• _Work item_
Only the lines below from the one containing "Camiseta Zoe gris" through the one containing "Минифигурка, человечек Лего" belong in the answer, repeated exactly and without pictures.

• _Supplied data_
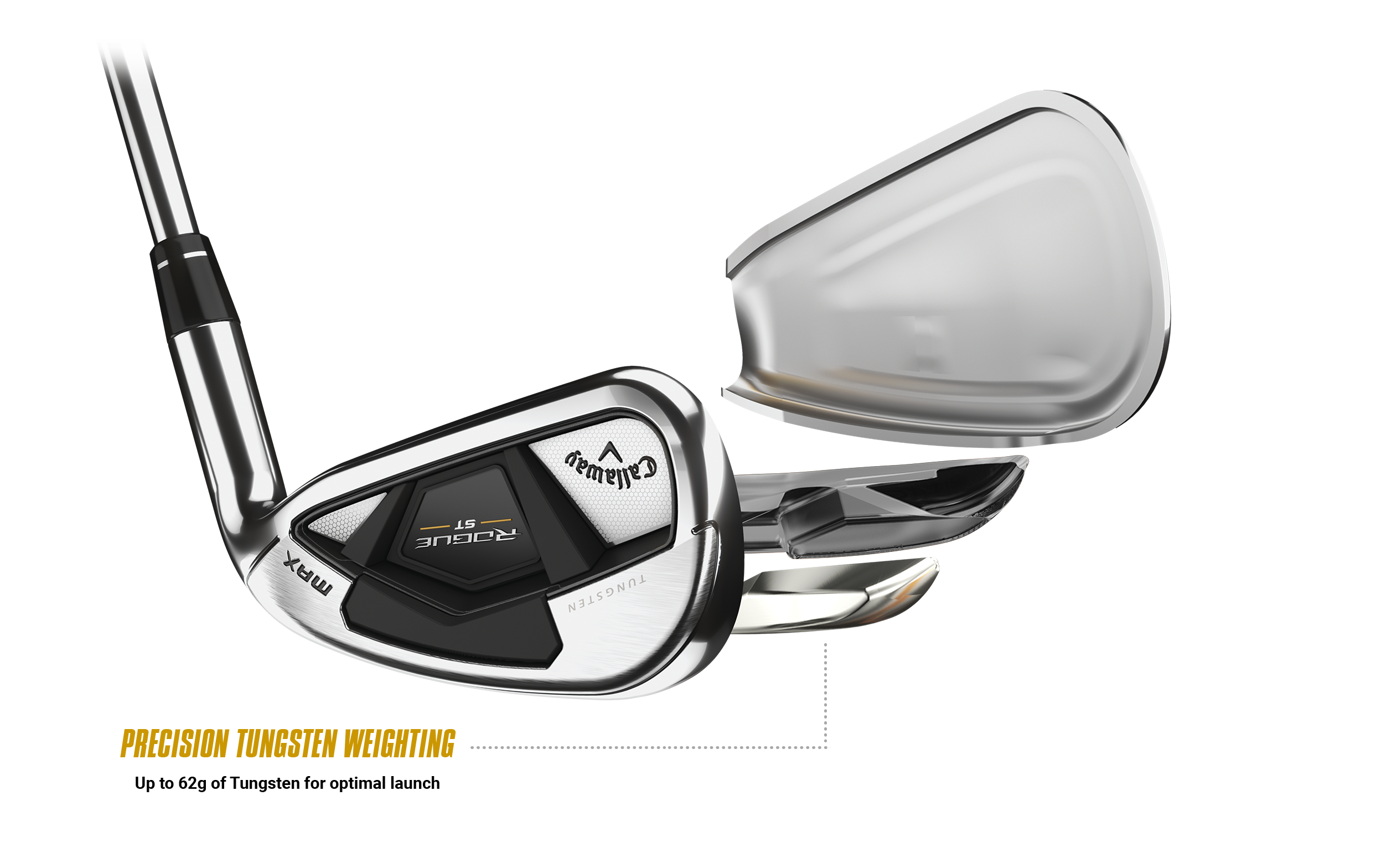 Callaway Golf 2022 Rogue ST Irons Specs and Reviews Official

--

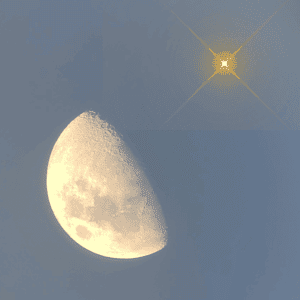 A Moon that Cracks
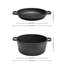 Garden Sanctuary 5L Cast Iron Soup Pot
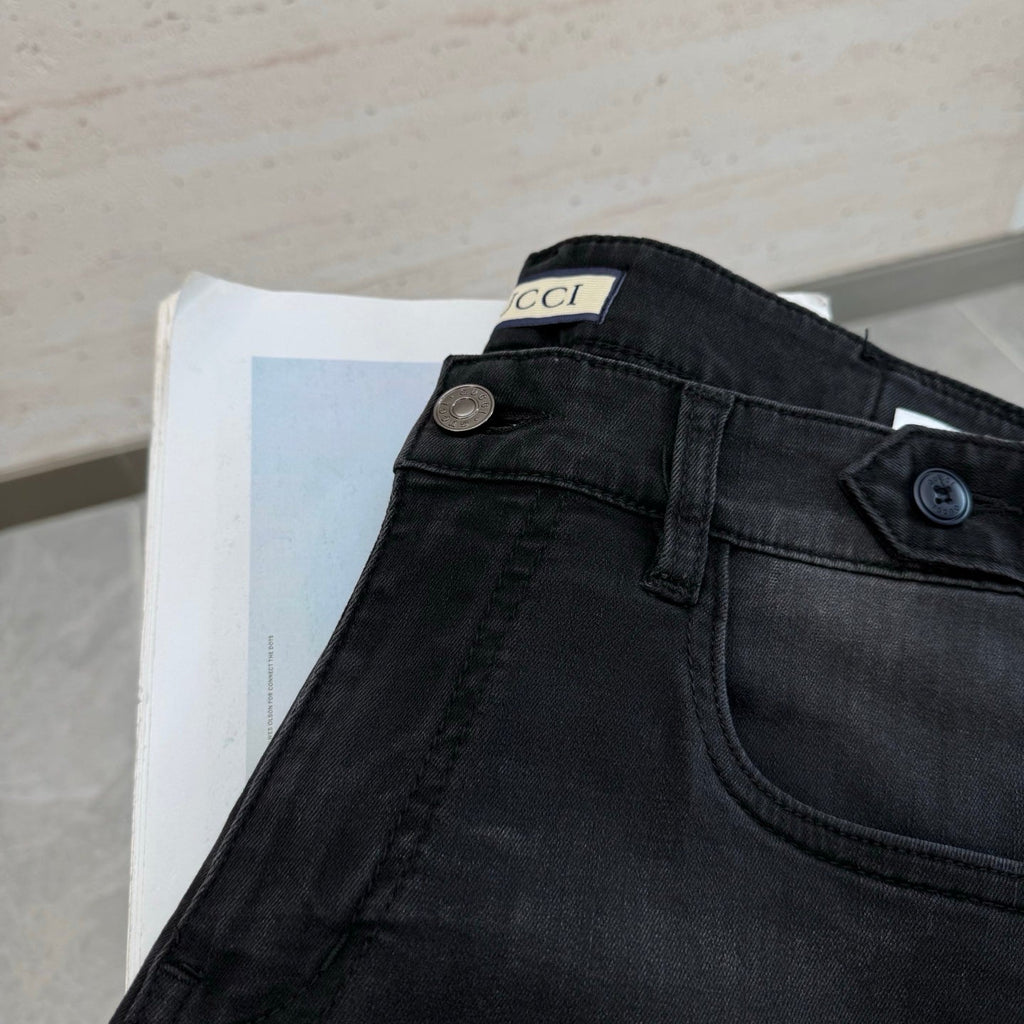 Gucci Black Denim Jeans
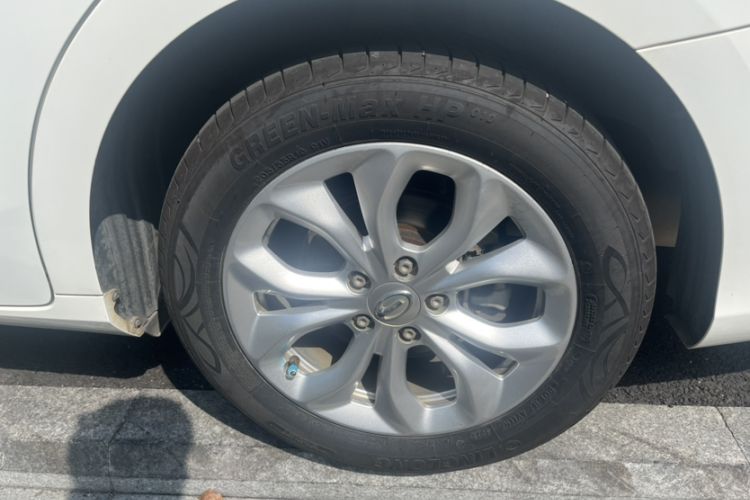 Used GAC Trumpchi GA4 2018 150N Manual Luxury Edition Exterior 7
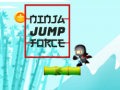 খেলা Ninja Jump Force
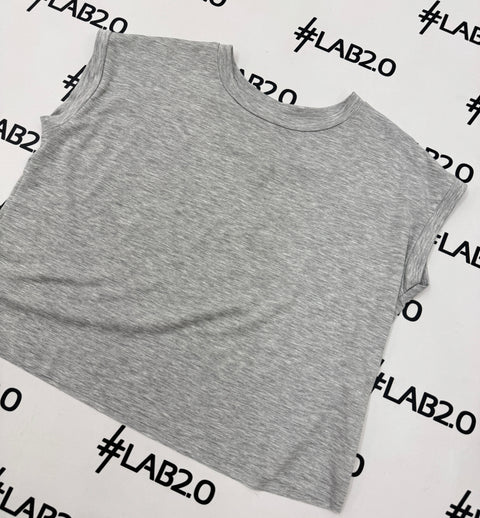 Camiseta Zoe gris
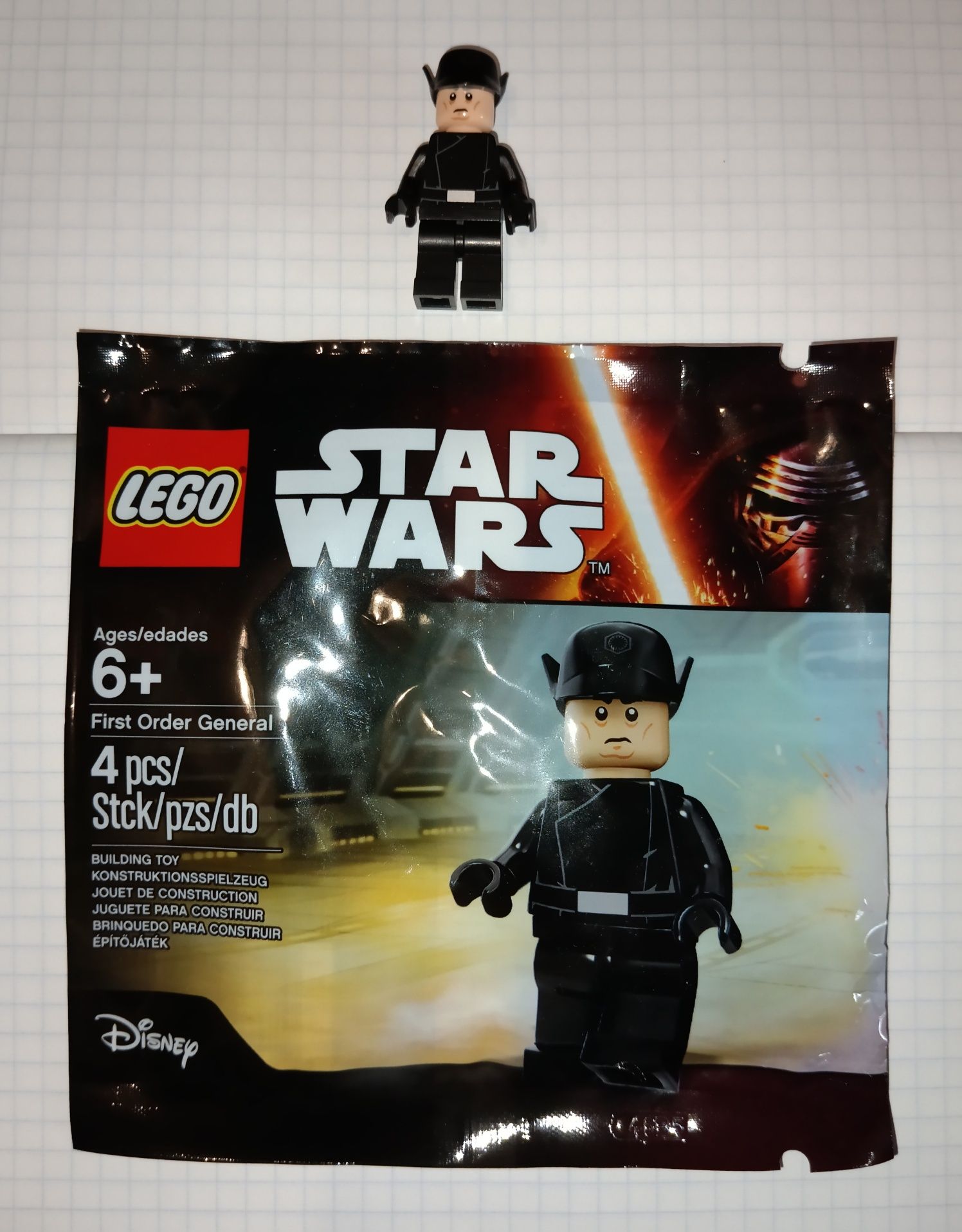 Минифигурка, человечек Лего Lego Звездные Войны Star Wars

--

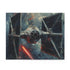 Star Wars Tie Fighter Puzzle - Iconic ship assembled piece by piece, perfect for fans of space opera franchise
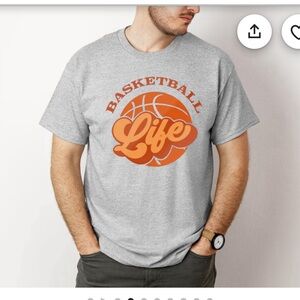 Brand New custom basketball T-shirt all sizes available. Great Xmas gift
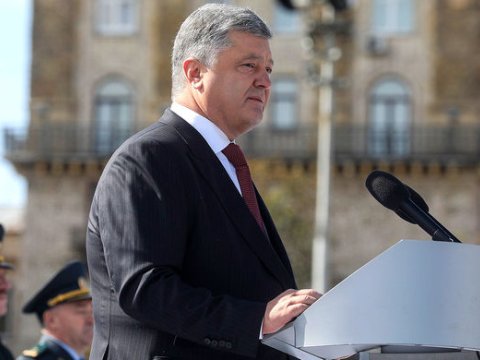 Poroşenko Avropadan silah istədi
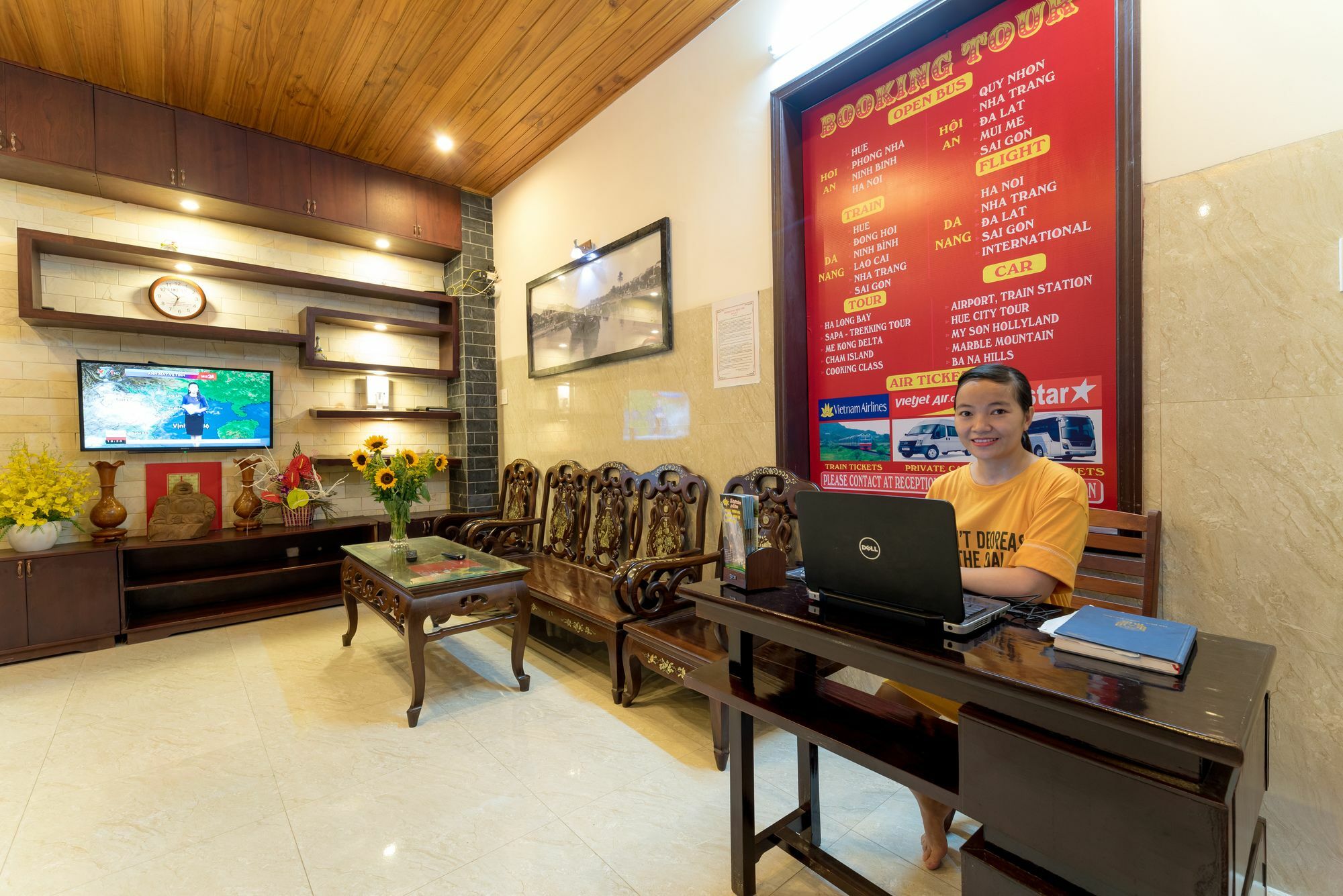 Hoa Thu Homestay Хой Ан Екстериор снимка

• _Task result_
 Camiseta Zoe gris
 Минифигурка, человечек Лего Lego Звездные Войны Star Wars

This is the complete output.